David Eddie, the author of Damage Control, gives some sound advise on confronting a colleague or subordinate about their bad breath.
He writes in a recent Globe and Mail column, “…it’s best to go in bluntly.”
David suggest using a variation of the following:
“(1)Listen you know I think you’re a great [person]. (2) I really have come to value you and depend on you in this company. (3) But I have to tell you, and I only tell you this as a friend: (4)From time to time I’ve noticed your breath could use a little work.”
He advices walking away from the person without apologizing. The hope is the the individual will manage any potential negative emotions and come to a place of acceptance on their own.
The strategy draws on portions of the dialogue model taught in Breakview’s relationship management course.
Let me share my thoughts and add some depth to David’s suggested lines.
I’ll use a four part model as a guide post.
1. State your mutual purpose
I like all the lines in the statement. However, I think line 2 captures everything critical to the start of a blunt, bold-faced approach to what could be a career or relationship ending confrontation. It’s basically making your value proposition explicit: what’s in it for them.
“I really have come to value you and depend on you in this company.”
If there are words worth stressing, they would be “value” and “depend”. In my opinion, the line should never be delivered in haste.
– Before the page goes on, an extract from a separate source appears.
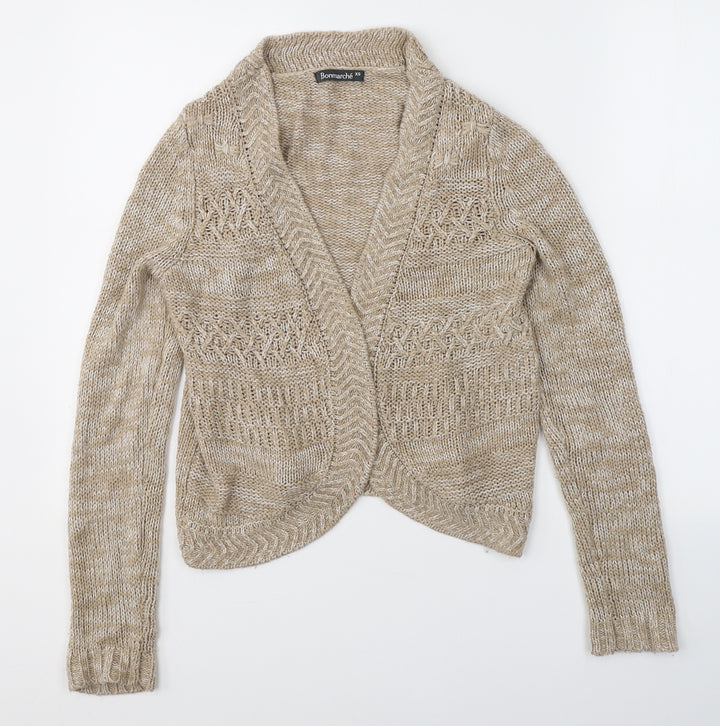 Bonmarché Womens Beige V-Neck  Acrylic Cape Jumper Size XS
Plus, with the right body language, you can convey warmth and safety in a way that connects with the person.
2. Share the facts
I would add remarks from clients or colleagues after stating what’s in it for the person you are confronting. However, if it only concerns you and it has been ongoing, then jump directly to “from time to time..”
3. Share your opinion
The approach is built on the premise that what is an irritant to us is about meaning in context. There is always a subjective appraisal to every event or issue we encounter. One man’s poison is another man’s drink. There are people who hate the taste of alcohol, while others have acclimatized their pallet to its taste. I admit that If you enjoy alcohol that example might be hard to swallow.
“From time to time I’ve noticed your breath could use a little work.”
4. Invite the other person to share their meaning
I would avoid the walk away approach that David Eddie suggest. Why run? Instead, use the power of silence. Allow the person to vent, even to give feedback. No need to apologize at all.
If there is no response on their part, thank them for considering your request. Even let them know that you are open to hear their thoughts and walk away.
If they respond with anger, it may also be prudent to use the contrasting technique to clarify your intentions by stating what you didn’t intend and what you did intend.
For example: “I didn’t intend to injure your self-esteem, I intended to close the loop on an issue that’s affecting our relationship.”
All in all, It’s really important to keep the environment safe and respectful even when you “go in bluntly”.